But as it stands I pretty much know every interaction I will have tomorrow will because someone needs something. And it will be that way the day after tomorrow and the day after that and so on. I tend to be a after-thought until you need money or computer help.
Fuck it.. Time to watch Suits.
@johnpowell…you may never know how much you mean to those you help, but I hope one day someone tells you
What a great friend you have. What a sincerely nice thing for him to do. I am glad that your paths crossed. I hope for you both that you keep in touch in future years, even if it takes effort to do so.
There are so very many who just blow smoke until a cool breeze comes along to clean everything and clears out the posers who see you as a means, not a consideration. Those aren’t really friends. I’m so glad when a true friend shines enough in your life that their value is prized and appreciated. So many don’t see the forest for the trees until they are gone.
Stick to having people like this gentleman around you. :)
Good for you!
@yankeetooter, I’m so glad your friend sent you this email. I get the sense that you lack self-esteem and are sometimes concerned about how other people perceive you, it’s lovely that your friend has acknowledged what you mean to him in this way.

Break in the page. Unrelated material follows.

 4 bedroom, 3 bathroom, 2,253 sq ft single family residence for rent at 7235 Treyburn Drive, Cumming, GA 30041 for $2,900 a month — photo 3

I don’t really think about friendships in this way. I just try to be the best friend I can be.
Thanks for sharing your story. Unfortunately, all too often we make the assumption that feelings we have toward someone are mutual only to find out at some point that this is not in fact the case.
Thanks everyone. By the way, for all the people who normally respond with such negativity on my questions (all of whom are strangely silent on this one), it seems someone does care about me and think highly of me.
I have a friend who does what yours did – he will just send me texts saying, “I really like you” or, “Loved seeing you just now.”
He’s taught me to do the same, and I now regularly simply tell people they are important to me. It makes a world of difference.